--- Exercise ---
Among the entries below, one stretch runs from the line that contains "Fiorella - Chiffon Ruffled Top & Pants Set" through the line that contains "Tesettür giyim KREM". Repeat that stretch exactly, ends included, and only that.

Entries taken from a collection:
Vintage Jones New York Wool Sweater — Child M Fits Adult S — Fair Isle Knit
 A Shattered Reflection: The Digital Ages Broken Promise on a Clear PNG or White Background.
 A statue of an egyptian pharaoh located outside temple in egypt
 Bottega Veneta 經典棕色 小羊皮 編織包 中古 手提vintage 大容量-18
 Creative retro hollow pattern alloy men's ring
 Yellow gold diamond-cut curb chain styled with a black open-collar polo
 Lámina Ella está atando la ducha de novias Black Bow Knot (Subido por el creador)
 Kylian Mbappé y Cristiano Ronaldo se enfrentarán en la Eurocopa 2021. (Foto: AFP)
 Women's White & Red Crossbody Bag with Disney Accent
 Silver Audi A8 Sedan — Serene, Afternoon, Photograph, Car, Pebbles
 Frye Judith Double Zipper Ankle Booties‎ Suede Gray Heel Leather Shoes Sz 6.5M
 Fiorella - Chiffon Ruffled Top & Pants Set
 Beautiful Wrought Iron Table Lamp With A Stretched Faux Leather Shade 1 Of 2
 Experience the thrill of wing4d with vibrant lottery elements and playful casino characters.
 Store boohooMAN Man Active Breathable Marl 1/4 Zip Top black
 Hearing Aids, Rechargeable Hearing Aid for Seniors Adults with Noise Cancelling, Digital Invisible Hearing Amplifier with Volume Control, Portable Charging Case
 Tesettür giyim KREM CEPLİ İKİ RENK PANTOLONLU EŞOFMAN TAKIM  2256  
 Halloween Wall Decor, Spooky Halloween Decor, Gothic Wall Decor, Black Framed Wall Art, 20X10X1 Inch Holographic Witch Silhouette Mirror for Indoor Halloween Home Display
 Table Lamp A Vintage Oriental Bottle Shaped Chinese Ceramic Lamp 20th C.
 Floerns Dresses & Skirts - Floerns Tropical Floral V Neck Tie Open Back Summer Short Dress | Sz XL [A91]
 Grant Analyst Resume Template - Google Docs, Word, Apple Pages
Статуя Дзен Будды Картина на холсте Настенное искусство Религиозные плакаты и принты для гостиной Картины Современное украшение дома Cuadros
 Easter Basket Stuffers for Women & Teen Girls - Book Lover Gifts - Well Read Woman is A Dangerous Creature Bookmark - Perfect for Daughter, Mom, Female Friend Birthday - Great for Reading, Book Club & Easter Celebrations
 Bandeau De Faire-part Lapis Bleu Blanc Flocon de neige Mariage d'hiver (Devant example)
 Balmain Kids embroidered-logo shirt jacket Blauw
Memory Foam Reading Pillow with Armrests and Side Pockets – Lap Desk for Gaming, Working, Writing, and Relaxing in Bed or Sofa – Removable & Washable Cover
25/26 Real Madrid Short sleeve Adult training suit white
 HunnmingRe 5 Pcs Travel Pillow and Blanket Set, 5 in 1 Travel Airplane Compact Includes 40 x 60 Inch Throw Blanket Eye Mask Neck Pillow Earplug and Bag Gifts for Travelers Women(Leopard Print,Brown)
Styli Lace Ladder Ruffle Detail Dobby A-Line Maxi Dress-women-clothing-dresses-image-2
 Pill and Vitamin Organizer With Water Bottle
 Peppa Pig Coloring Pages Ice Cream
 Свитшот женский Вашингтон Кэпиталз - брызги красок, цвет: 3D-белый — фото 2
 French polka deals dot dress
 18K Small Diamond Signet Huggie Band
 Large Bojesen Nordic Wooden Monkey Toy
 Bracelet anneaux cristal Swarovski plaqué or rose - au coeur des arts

--- Answer ---
 Fiorella - Chiffon Ruffled Top & Pants Set
 Beautiful Wrought Iron Table Lamp With A Stretched Faux Leather Shade 1 Of 2
 Experience the thrill of wing4d with vibrant lottery elements and playful casino characters.
 Store boohooMAN Man Active Breathable Marl 1/4 Zip Top black
 Hearing Aids, Rechargeable Hearing Aid for Seniors Adults with Noise Cancelling, Digital Invisible Hearing Amplifier with Volume Control, Portable Charging Case
 Tesettür giyim KREM CEPLİ İKİ RENK PANTOLONLU EŞOFMAN TAKIM  2256  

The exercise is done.